[Records drawn from a dataset]
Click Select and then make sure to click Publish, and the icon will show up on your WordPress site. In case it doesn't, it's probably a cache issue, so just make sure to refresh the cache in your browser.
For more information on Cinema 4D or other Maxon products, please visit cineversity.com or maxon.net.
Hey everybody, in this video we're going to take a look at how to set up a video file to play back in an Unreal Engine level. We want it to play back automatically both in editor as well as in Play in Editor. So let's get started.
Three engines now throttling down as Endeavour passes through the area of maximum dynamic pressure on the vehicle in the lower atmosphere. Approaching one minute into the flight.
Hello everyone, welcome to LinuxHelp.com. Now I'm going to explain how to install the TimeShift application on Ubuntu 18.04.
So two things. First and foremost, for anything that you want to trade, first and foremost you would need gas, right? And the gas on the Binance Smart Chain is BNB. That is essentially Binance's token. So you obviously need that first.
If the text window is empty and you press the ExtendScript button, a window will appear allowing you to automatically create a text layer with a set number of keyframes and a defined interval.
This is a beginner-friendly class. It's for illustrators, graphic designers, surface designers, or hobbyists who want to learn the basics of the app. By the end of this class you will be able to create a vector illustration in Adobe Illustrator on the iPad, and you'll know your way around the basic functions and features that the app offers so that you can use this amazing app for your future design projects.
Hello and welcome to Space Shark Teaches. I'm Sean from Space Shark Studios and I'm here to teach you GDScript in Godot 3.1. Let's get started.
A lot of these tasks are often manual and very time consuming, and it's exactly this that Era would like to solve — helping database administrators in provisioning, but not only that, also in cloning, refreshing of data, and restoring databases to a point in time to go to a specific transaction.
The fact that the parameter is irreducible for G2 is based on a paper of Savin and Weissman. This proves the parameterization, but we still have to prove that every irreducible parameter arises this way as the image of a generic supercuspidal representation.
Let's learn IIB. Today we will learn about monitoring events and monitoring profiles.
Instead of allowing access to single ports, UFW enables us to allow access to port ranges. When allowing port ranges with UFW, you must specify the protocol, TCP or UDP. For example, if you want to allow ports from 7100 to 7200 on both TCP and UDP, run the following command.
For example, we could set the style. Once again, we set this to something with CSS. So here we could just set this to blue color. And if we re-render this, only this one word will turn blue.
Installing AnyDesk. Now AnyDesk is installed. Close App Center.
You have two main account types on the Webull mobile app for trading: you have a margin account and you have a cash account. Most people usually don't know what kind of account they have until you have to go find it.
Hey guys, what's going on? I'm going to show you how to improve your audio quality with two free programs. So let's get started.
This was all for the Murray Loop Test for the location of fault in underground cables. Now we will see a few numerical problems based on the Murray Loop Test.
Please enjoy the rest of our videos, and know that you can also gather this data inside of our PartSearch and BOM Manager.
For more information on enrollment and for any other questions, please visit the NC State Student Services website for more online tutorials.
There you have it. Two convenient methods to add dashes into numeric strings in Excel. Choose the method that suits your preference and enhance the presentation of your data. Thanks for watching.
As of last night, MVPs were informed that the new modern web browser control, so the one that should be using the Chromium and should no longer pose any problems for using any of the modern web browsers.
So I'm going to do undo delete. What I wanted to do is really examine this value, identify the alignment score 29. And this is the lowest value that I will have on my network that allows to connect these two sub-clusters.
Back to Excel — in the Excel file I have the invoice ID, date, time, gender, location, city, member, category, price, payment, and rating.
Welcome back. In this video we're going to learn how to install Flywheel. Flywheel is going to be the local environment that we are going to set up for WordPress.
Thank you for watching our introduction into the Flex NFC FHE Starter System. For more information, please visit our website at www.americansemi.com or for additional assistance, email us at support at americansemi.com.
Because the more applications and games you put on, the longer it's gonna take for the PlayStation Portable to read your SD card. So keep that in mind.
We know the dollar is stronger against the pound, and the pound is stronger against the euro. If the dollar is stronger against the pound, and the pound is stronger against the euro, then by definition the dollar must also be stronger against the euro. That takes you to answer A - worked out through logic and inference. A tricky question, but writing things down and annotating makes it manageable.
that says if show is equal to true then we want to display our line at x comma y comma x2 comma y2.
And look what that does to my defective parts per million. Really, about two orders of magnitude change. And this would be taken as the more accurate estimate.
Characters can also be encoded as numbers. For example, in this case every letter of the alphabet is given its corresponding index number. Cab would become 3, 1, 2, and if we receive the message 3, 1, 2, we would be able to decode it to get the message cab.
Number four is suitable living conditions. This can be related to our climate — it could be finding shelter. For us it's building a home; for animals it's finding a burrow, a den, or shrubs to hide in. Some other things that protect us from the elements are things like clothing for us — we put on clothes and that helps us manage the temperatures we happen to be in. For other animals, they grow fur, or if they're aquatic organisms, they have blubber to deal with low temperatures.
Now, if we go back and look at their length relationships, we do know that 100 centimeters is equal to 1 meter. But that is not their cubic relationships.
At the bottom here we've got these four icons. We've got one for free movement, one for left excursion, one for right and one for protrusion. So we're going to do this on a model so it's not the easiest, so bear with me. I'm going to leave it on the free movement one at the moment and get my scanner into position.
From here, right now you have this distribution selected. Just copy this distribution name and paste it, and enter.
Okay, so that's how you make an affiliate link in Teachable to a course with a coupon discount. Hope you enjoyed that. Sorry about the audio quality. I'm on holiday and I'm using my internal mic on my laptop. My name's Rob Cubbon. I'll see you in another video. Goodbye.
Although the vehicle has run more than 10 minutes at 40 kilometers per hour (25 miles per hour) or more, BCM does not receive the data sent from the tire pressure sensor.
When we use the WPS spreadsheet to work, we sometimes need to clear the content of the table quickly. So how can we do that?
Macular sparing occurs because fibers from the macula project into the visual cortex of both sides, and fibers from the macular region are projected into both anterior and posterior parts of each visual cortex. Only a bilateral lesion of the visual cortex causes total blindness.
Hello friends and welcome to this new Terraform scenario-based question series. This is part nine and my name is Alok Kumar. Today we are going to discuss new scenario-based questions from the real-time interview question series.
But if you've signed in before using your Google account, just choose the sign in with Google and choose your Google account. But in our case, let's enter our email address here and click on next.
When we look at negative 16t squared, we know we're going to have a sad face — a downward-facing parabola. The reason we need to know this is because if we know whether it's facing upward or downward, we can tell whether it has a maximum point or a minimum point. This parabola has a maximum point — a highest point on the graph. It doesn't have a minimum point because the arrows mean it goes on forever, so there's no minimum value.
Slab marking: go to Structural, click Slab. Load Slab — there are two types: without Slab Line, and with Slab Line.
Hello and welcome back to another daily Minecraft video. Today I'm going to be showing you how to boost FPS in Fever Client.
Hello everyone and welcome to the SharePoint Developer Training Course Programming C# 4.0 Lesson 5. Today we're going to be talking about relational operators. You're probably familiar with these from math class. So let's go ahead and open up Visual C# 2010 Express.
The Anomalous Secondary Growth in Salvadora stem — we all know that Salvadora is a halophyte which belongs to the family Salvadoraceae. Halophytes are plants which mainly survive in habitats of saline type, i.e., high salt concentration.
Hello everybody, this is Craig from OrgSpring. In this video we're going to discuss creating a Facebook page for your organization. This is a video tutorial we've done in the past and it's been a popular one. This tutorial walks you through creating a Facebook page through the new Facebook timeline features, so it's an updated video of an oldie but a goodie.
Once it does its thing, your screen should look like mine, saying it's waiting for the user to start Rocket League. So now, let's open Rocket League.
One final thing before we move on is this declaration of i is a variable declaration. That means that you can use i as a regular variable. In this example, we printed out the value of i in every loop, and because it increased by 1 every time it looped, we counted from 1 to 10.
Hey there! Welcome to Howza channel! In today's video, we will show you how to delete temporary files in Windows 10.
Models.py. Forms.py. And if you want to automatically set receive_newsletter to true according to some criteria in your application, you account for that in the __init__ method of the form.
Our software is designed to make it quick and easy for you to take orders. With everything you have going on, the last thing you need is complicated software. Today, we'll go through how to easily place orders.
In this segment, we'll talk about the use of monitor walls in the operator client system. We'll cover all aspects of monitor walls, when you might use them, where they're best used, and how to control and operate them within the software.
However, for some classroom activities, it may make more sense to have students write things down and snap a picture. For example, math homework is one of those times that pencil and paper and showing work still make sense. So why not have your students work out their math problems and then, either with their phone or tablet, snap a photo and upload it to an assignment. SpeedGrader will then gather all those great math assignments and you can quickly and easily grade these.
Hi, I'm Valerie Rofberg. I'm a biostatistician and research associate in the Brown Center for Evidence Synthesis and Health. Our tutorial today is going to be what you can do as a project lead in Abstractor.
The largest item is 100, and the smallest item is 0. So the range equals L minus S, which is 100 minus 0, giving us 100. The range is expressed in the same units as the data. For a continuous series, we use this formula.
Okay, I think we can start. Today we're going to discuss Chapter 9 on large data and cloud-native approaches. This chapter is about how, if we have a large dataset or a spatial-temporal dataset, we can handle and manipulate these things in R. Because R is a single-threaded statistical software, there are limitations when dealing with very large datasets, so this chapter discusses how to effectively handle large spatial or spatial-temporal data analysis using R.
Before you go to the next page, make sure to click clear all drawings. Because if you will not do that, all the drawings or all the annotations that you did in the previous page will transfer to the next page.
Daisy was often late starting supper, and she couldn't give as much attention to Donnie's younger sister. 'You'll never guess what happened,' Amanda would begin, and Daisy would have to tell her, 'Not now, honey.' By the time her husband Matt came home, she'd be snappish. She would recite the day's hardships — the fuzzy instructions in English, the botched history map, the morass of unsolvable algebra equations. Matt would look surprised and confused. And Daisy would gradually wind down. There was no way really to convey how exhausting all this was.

▸ Task requirements
One stretch of the lines above is wanted, from the line that contains "This was all" through the line that contains "Because the more". Output it exactly.

▸ Result
This was all for the Murray Loop Test for the location of fault in underground cables. Now we will see a few numerical problems based on the Murray Loop Test.
Please enjoy the rest of our videos, and know that you can also gather this data inside of our PartSearch and BOM Manager.
For more information on enrollment and for any other questions, please visit the NC State Student Services website for more online tutorials.
There you have it. Two convenient methods to add dashes into numeric strings in Excel. Choose the method that suits your preference and enhance the presentation of your data. Thanks for watching.
As of last night, MVPs were informed that the new modern web browser control, so the one that should be using the Chromium and should no longer pose any problems for using any of the modern web browsers.
So I'm going to do undo delete. What I wanted to do is really examine this value, identify the alignment score 29. And this is the lowest value that I will have on my network that allows to connect these two sub-clusters.
Back to Excel — in the Excel file I have the invoice ID, date, time, gender, location, city, member, category, price, payment, and rating.
Welcome back. In this video we're going to learn how to install Flywheel. Flywheel is going to be the local environment that we are going to set up for WordPress.
Thank you for watching our introduction into the Flex NFC FHE Starter System. For more information, please visit our website at www.americansemi.com or for additional assistance, email us at support at americansemi.com.
Because the more applications and games you put on, the longer it's gonna take for the PlayStation Portable to read your SD card. So keep that in mind.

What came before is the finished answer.